Literarischer Kriminalroman mit Tiefgang

In kurzen Dialogen und mit neuen Ermittlern spielt der neue Krimi "Sommer bei Nacht" von Jan Costin Wagner dieses Mal in Südhessen. Dort ist ein fünfjähriger Junge entführt worden - und trotz einer Vielzahl von Hinweisen aus der Bevölkerung tappt die Polizei lange im Dunkeln.

Von Tilman Winterling |
Der Schriftsteller Jan Costin Wagner und sein Buch "Sommer bei Nacht"
Der Schriftsteller Jan Costin Wagner und "Sommer bei Nacht" (Buchcover Galiani Verlag / Autorenportrait Susanne Schleyerr)

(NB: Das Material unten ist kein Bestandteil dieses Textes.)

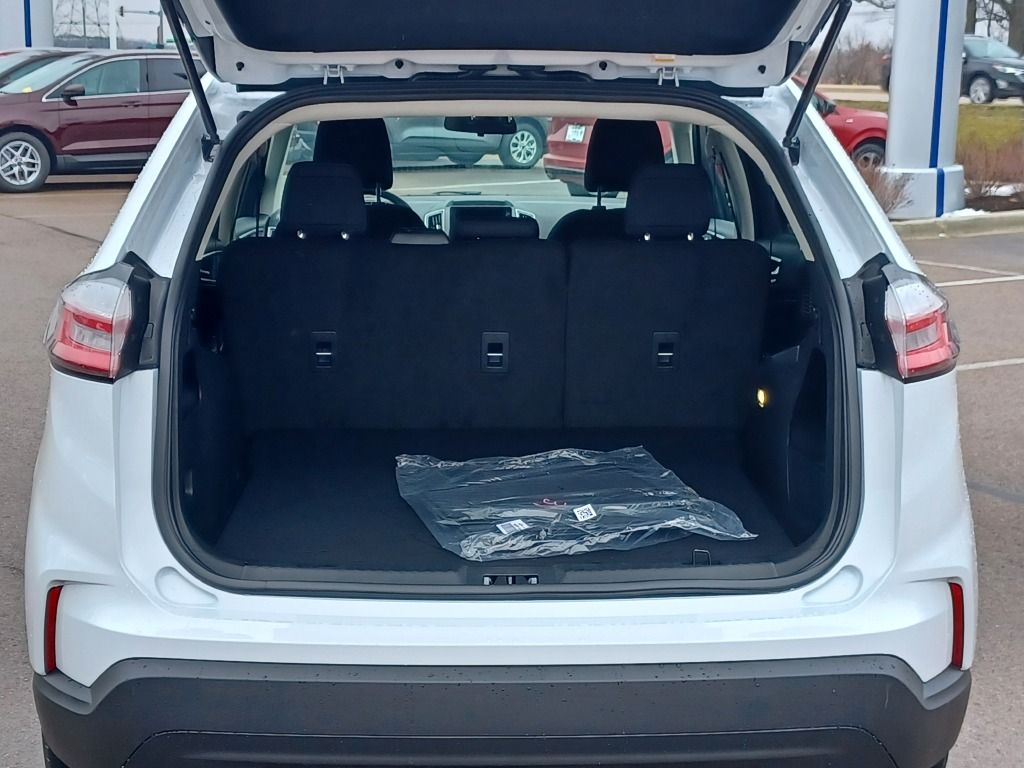 2024 Ford Edge SE photo 12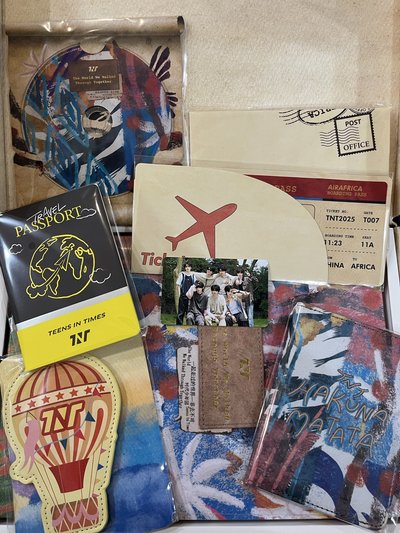 時團非去不可團款周邊小卡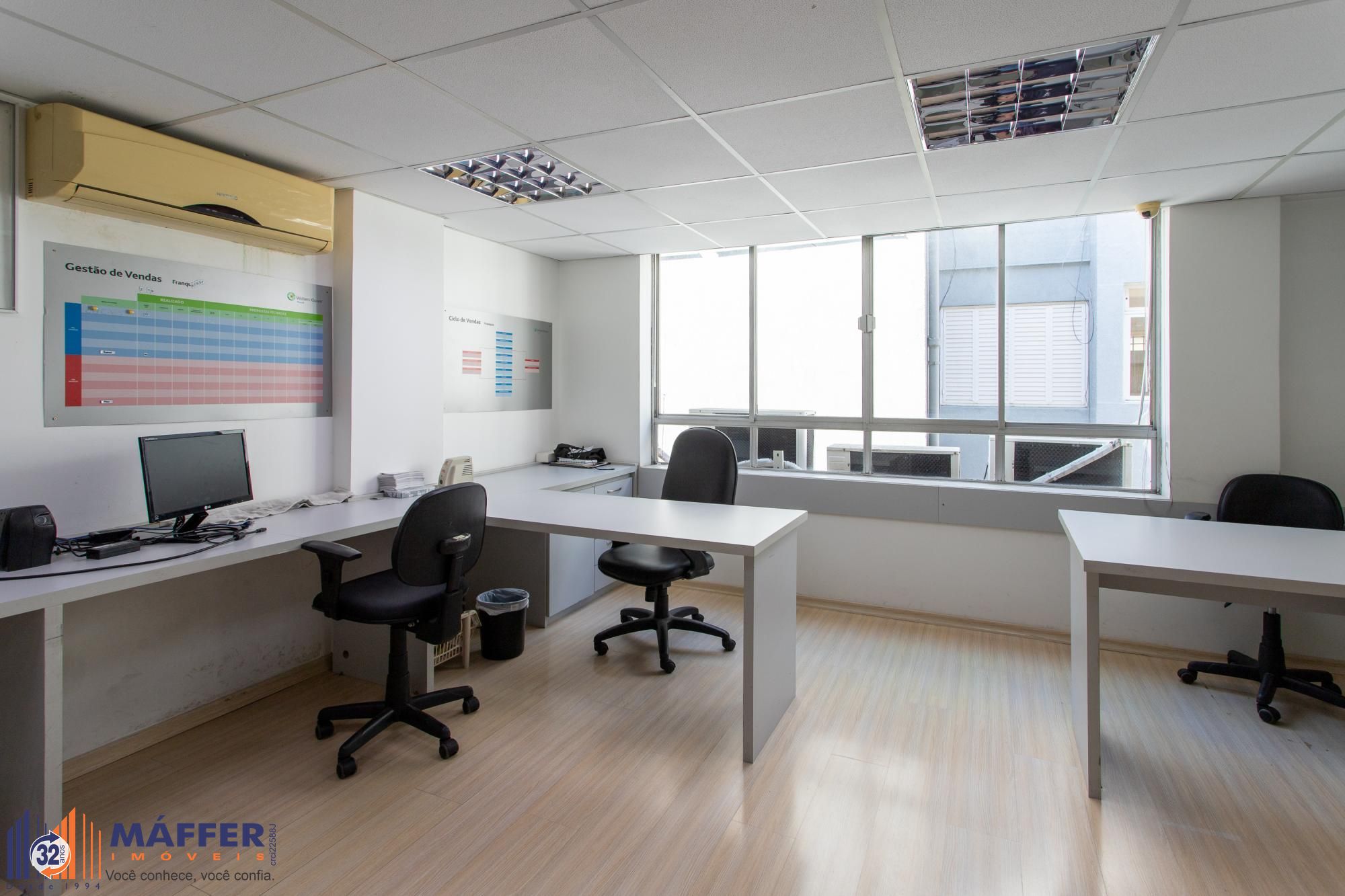 Andar inteiro mobiliado com 215 m² para até 60 pessoas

Auf einem südhessischen Flohmarkt verschwindet der fünfjährige Jannik. Seine Mutter und seine Schwester hatten ihn nur kurz aus den Augen gelassen. Aufnahmen der Überwachungskamera eines Parkhauses in der Nähe bringen bald Gewissheit. Ein Fremder hat ihn entführt. Auf den Bildern sieht man einen Mann, Jannik und einen riesigen Teddybären.

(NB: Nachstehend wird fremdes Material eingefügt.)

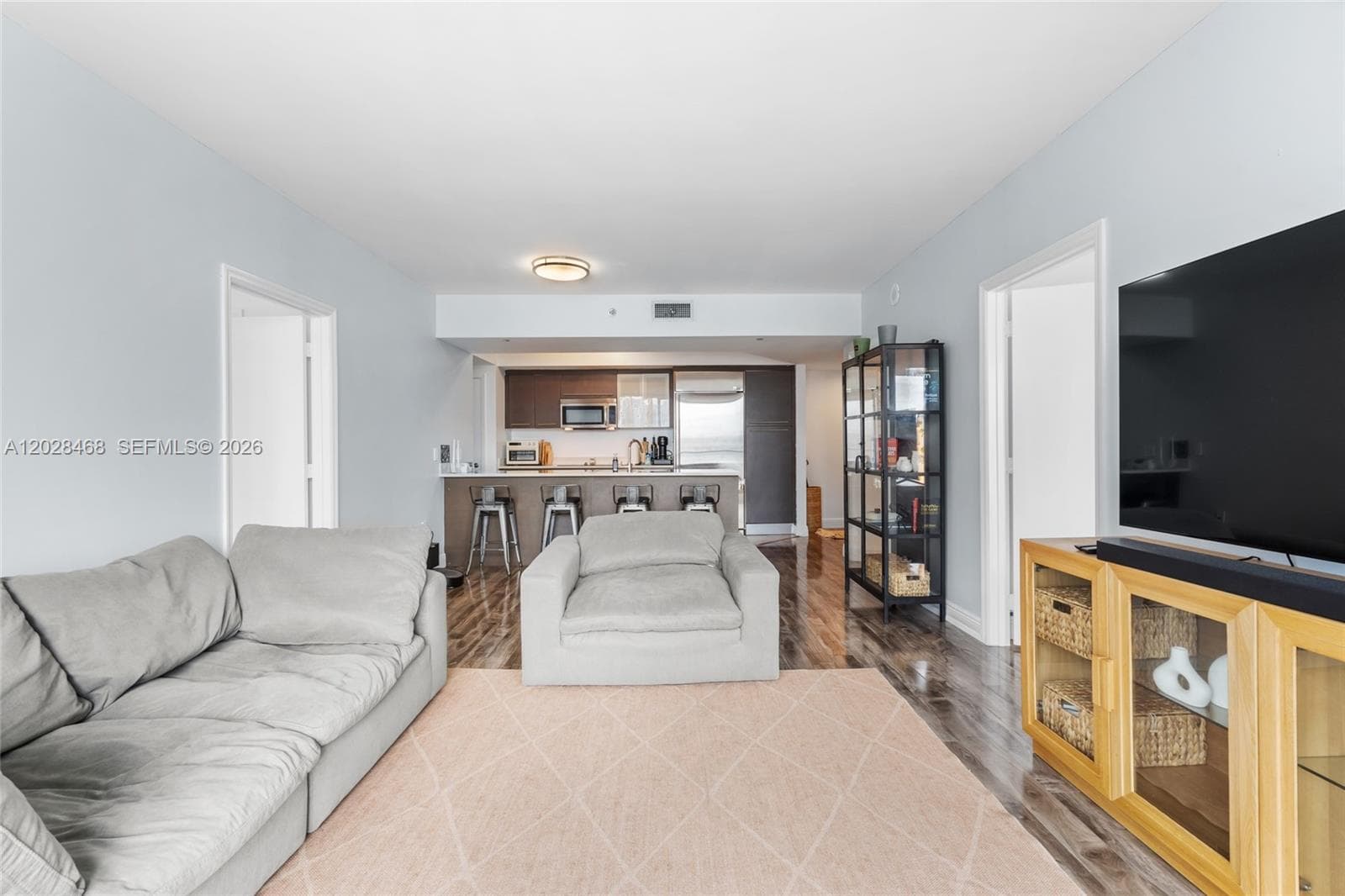 55 SE 6th St # 3303, Miami FL 33131 — 6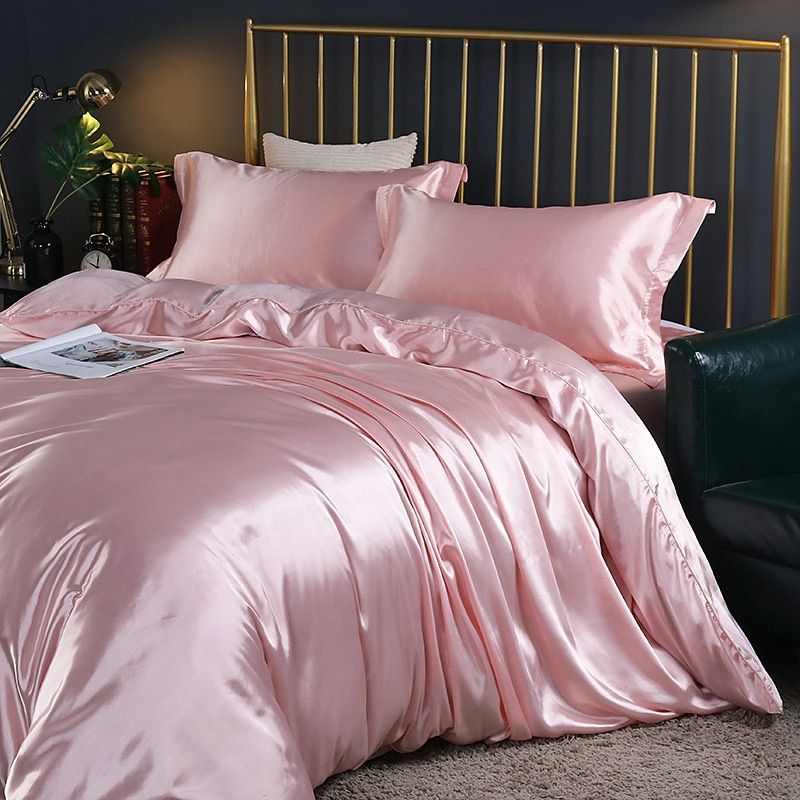 Silk 4-Piece Bedding Set for All-Season Comfort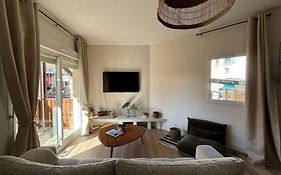 Appartement 3 Pieces, Spacieux En Plein Centre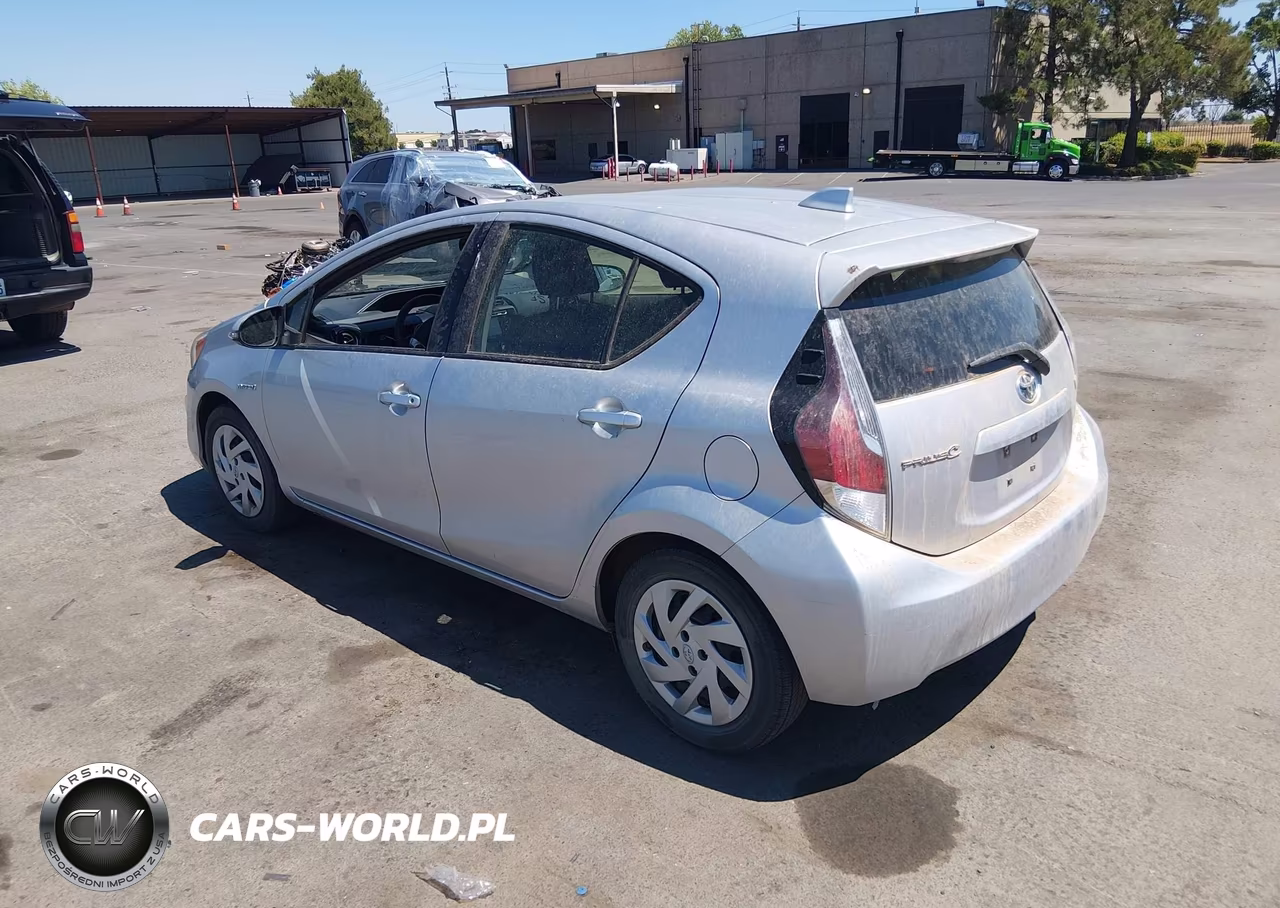 2015 Toyota Prius C Two VIN:JTDKDTB3XF1585923 - 3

"Also. Ein Flohmarkt. In einer Schule. Draußen, auf der großen Wiese. Lehrer, Eltern, Schülerinnen und Schüler. Tische mit Sachen, die verkauft werden. Gegen Mittag kommen die Meinigers. Mutter, Tochter und der kleine Jannis. Kurz darauf, nachdem Mutter und Tochter Sachen in einen der Klassenräume gebracht haben, ist Jannis weg."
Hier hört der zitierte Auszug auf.